Si certains aigles parviennent parfois à chasser des lionceaux, ceux du Mali ne sont pas parvenus à attirer dans leur piège des Lions de la Téranga trop expérimentés pour se laisser dévorer. En éliminant le Mali ce vendredi en quarts de finale de la CAN 2025 (1-0), les Sénégalais sont parvenus à s’extirper d’un match difficile face à une équipe au plan de jeu très restrictif mais qui avait prouvé son efficacité lors des tours précédents – le Mali avait tenu tête au Maroc en phase de groupes (1-1) avant d’éliminer la Tunisie aux tirs au but (1-1, 3 tirs au but à 2).

Par-delà leur potentiel offensif qui n’est plus à démontrer, les joueurs de Pape Thiaw ont d’abord su répondre ce vendredi au défi athlétique opposé par les Maliens, en se défaisant du pressing adverse grâce à une qualité technique supérieure.

Une action résume ce combat remporté par les Sénegalais : au duel avec Yves Bissouma dans l’entrejeu, le numéro 10 sénégalais Sadio Mané a effacé celui du Mali d’un subtil petit pont avant de se faire faucher par le milieu défensif de Tottenham (23e). Ce dernier sera sanctionné d’un carton jaune pour son tacle, avant d’être exclu pour avoir récidivé face à Pape Gueye dans le temps additionnel de la première période (45e + 3).

La mine bougonne affichée par Bissouma à sa sortie de la pelouse symbolise la frustration des joueurs de Tom Saintfiet, qui avaient été logiquement punis par l’ouverture du score d’Illiman Ndiaye, celui-ci ayant profité d’une faute de main de Djigui Diarra sur un centre de Crépin Diatta venu du côté droit (27e).

Ndiaye en dynamiteur

C’est grâce à la vivacité de ses ailes que les Sénégalais sont parvenus à s’envoler, à l’image d’un attaquant d’Everton virevoltant. Désigné homme du match, Ndiaye aurait mérité d’être crédité d’une passe décisive sur une passe en retrait pour Sadio Mané après un débordement sur le côté droit qui a mis Amadou Haïdara à terre (45e + 6).

Ses dribbles insaisissables ont fait se lever les travées d’un stade Ibn Batouta loin d’être plein (32 385 spectateurs sur 75 500 places) mais où le groupe de supporters du Douzième Gaindé (« Lion » en wolof), vêtus aux couleurs du drapeau sénégalais, auront pleinement joué leur rôle d’ambianceurs dansants tout au long de la rencontre.

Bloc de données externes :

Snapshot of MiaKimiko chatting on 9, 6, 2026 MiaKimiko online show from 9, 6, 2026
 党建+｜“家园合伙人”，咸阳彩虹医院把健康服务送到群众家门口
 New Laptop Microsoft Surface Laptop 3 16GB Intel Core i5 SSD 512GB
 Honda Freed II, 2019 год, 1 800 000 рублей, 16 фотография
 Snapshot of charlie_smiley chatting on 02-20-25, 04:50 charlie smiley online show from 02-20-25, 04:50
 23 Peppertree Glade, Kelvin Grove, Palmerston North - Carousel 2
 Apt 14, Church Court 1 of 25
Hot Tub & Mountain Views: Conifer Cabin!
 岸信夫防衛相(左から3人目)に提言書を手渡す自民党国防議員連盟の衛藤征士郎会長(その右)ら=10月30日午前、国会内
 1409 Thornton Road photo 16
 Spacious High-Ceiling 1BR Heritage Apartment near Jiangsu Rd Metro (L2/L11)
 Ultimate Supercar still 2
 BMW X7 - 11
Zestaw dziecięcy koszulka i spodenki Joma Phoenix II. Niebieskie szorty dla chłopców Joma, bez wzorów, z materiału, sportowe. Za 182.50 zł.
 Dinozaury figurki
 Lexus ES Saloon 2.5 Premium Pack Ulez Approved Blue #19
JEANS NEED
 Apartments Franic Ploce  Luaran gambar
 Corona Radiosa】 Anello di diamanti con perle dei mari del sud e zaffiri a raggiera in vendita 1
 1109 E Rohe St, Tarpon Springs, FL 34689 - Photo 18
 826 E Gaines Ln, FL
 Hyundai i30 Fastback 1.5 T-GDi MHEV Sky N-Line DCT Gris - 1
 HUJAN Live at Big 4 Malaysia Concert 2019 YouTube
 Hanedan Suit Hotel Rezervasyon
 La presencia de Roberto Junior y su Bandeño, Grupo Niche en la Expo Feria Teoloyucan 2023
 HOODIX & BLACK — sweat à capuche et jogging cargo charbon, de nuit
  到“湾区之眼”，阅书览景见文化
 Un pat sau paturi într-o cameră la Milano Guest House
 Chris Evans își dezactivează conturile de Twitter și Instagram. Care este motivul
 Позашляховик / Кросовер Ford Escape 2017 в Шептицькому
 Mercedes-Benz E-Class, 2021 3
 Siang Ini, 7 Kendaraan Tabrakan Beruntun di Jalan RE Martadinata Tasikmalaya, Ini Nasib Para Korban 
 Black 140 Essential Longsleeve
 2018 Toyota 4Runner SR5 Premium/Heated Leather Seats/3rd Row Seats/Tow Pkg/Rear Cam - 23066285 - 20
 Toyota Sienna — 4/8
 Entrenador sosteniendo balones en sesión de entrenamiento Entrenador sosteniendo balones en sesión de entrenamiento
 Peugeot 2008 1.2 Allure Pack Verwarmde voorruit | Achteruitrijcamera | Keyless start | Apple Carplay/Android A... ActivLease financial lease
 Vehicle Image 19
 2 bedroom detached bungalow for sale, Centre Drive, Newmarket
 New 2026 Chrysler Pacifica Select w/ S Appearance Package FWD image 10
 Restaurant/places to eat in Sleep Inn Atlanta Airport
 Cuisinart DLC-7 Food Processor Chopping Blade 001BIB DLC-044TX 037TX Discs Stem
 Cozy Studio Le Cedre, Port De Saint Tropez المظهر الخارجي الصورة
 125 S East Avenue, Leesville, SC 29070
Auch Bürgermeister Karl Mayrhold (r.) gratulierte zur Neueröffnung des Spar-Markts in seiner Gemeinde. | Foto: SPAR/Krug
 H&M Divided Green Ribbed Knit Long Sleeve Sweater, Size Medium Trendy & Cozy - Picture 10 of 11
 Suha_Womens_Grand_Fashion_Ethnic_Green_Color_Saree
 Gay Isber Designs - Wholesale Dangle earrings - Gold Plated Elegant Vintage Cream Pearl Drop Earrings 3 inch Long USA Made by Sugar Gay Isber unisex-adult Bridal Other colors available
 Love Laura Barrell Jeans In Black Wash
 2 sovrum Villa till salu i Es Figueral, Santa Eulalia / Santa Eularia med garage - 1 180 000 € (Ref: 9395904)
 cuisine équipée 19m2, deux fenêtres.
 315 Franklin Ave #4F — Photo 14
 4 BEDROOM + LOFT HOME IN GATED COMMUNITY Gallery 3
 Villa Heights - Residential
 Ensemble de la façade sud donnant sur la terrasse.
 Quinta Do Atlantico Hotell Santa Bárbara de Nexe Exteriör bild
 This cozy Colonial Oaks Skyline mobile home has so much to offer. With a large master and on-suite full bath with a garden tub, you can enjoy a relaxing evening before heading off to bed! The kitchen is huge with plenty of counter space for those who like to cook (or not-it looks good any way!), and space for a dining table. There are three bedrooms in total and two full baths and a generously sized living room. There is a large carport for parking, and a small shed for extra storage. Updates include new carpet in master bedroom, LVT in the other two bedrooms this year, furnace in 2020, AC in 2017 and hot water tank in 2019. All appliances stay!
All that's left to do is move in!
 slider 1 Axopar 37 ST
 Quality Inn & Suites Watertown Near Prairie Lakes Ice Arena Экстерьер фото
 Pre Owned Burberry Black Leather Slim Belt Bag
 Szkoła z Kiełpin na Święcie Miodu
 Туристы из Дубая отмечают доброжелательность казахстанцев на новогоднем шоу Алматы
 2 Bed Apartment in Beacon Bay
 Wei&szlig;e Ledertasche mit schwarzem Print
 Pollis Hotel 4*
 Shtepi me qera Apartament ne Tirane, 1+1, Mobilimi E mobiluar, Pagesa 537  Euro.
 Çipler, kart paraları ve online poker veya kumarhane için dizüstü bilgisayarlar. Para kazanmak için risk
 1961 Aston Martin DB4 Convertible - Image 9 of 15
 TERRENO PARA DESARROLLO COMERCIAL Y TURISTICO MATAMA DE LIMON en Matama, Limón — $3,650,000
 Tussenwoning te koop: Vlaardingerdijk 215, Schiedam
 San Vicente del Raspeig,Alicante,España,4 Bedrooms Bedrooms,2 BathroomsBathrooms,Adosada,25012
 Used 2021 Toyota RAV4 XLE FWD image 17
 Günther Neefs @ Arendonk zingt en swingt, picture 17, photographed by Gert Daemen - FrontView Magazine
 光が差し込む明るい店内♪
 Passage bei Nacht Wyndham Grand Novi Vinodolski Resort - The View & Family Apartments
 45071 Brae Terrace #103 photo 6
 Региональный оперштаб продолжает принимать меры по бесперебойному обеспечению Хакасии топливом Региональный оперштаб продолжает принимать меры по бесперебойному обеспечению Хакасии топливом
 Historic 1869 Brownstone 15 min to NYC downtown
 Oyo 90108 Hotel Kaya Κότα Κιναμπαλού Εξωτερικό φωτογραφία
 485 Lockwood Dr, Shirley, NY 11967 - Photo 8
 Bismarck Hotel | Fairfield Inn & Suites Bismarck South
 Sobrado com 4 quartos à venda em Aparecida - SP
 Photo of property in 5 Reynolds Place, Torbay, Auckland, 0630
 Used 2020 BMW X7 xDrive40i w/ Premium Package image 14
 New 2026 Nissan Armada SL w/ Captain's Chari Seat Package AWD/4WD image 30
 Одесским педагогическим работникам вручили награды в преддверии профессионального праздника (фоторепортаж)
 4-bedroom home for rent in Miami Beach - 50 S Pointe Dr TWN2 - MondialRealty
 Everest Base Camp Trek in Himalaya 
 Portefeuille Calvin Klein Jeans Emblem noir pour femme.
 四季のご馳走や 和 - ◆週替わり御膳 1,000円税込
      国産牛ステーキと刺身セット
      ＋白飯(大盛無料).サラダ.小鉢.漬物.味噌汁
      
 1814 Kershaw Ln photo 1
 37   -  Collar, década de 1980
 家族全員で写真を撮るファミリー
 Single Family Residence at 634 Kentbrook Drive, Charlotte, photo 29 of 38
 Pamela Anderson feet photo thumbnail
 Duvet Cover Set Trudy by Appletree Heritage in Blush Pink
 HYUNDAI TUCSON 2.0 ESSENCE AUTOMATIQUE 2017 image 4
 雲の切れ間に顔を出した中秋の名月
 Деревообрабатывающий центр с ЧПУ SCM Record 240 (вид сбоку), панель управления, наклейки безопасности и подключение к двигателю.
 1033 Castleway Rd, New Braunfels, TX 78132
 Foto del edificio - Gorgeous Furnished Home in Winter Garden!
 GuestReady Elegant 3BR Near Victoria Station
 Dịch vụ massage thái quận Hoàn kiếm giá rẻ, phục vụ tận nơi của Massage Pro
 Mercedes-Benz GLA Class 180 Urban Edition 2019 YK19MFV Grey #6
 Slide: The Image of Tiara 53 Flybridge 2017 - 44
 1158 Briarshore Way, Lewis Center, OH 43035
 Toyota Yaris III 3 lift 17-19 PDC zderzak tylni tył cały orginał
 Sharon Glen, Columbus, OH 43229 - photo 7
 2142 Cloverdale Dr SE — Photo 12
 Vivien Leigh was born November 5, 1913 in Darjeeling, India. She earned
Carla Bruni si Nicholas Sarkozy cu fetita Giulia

Et une fois le succès en vue, Pape Thiaw a pu faire souffler ses titulaires sans perdre en qualité sur la pelouse. Si Ibrahim Mbaye a été moins tranchant que lors de ses deux dernières entrées en jeu (un penalty provoqué contre le Bénin, un but face au Soudan), Pathé Ciss a été par deux fois tout proche de doubler la mise sur une tête puissante (67e) puis un face à face avec Diarra (76e) finalement remporté par un gardien malien, sauvé par son poteau sur une volée du pied droit de l’autre entrant Lamine Camara (90e + 2).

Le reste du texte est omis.